Reviewing the taxonomy for machine learning topic detection
Verify the correctness of the taxonomy of topics that Prediction Studio generated from the training data. If you updated an older version of a model, the taxonomy might include topics from that version. Clean up your model by deleting topics that have no training data, and improve the model's predictions by adding keywords.
Keywords influence the behavior of a machine learning model, but they are not exact rules. The "Should," "Must," and "And" words act as positive features for matching a text to a topic, while the "Not" words act as negative features. The training and testing data have the greatest impact on your machine learning model, while keywords have a smaller impact.
You cannot add topics in this step. If you want to add topics, go back to the Source selection step. For more information, see Uploading data for training and testing of the topic detection model.
In the Taxonomy review wizard step, review the taxonomy details, and then expand the taxonomy to view the topics.The hierarchy of the taxonomy is used to group topics. Do not add training data or keywords to grouping topics.
Review the summary of training and test data for individual topics by selecting the topics in the list.
To add positive or negative features for matching a text to a topic, add keywords to the topic:
Select the topic, and then click the Manage keywords tab.

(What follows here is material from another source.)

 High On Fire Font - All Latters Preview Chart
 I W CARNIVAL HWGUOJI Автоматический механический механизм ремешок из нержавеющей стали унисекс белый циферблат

In the Keywords section, enter keywords to influence the model's predictions.Keywords can be words or phrases. You can enter several keywords in each category.
- Should words
- phone telephone mobile
- And words
To delete topics that do not contain any training data, select a topic, and then click Delete.Topics without any training data might appear in the taxonomy when you start with a keyword-based model, and then update it to a machine learning model. If the training data that you use to train the new model contains a smaller number of topics than the original keyword-based model, only that number of topics get trained, and the remaining topics are without training data.